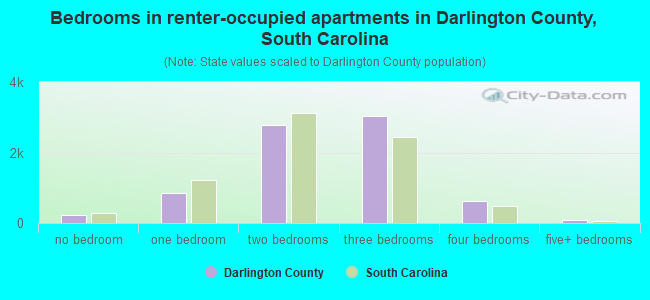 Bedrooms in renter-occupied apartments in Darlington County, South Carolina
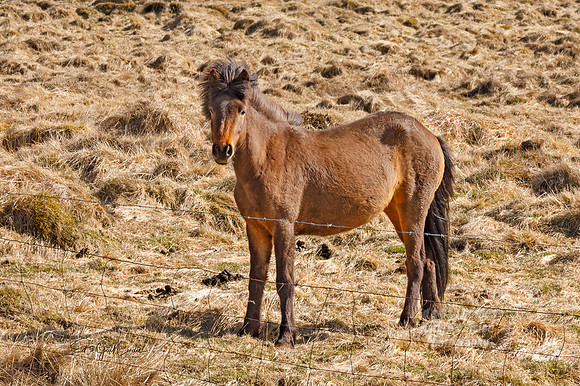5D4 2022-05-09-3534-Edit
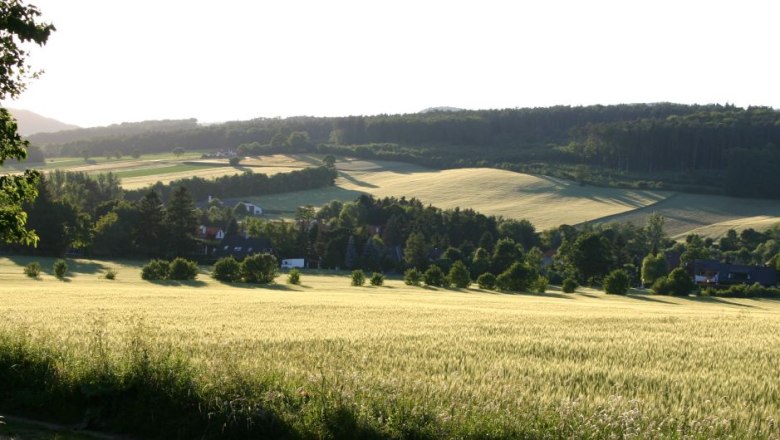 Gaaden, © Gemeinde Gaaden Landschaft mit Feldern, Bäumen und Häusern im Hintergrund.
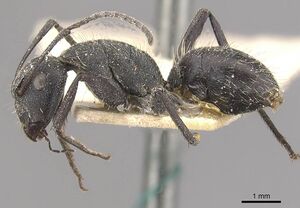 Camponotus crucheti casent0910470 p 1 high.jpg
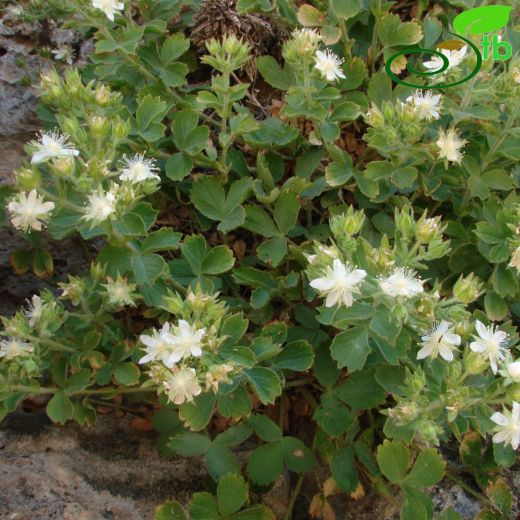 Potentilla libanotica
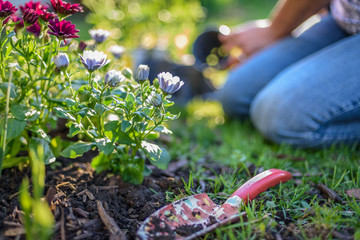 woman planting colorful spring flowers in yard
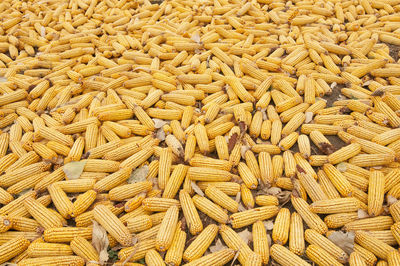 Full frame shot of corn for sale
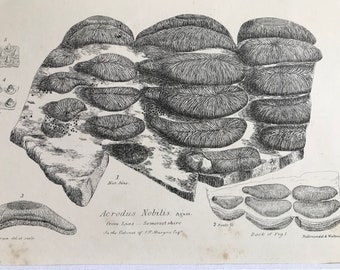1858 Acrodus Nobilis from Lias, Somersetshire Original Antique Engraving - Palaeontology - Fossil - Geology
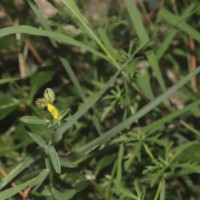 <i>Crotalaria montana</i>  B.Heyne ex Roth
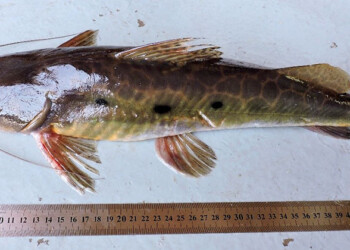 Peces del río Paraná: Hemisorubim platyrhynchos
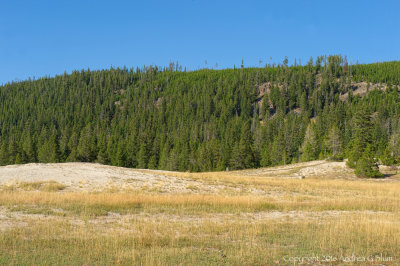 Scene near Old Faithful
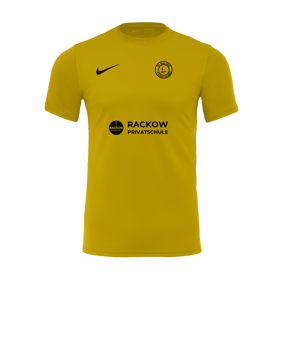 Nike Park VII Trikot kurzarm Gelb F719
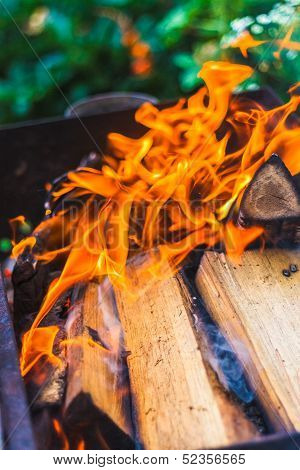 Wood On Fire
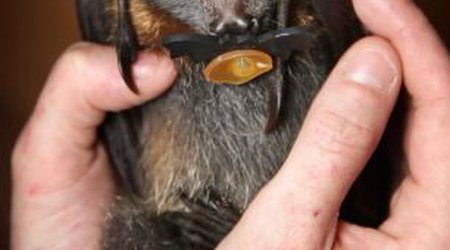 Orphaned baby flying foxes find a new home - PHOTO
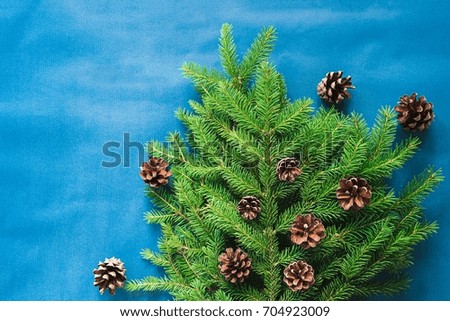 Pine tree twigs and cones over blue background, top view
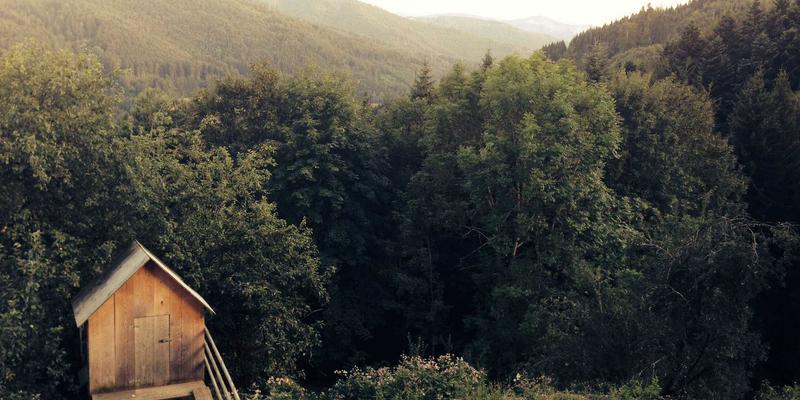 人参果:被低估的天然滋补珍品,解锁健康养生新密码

**Action item:**
The copy must start at the line containing "Peces del río" and stop at the last line of the listing, both included, with every line exact and no pictures.

**Solution for this exercise:**
 Peces del río Paraná: Hemisorubim platyrhynchos
 Scene near Old Faithful
 Nike Park VII Trikot kurzarm Gelb F719
 Wood On Fire
 Orphaned baby flying foxes find a new home - PHOTO
 Pine tree twigs and cones over blue background, top view
 人参果:被低估的天然滋补珍品,解锁健康养生新密码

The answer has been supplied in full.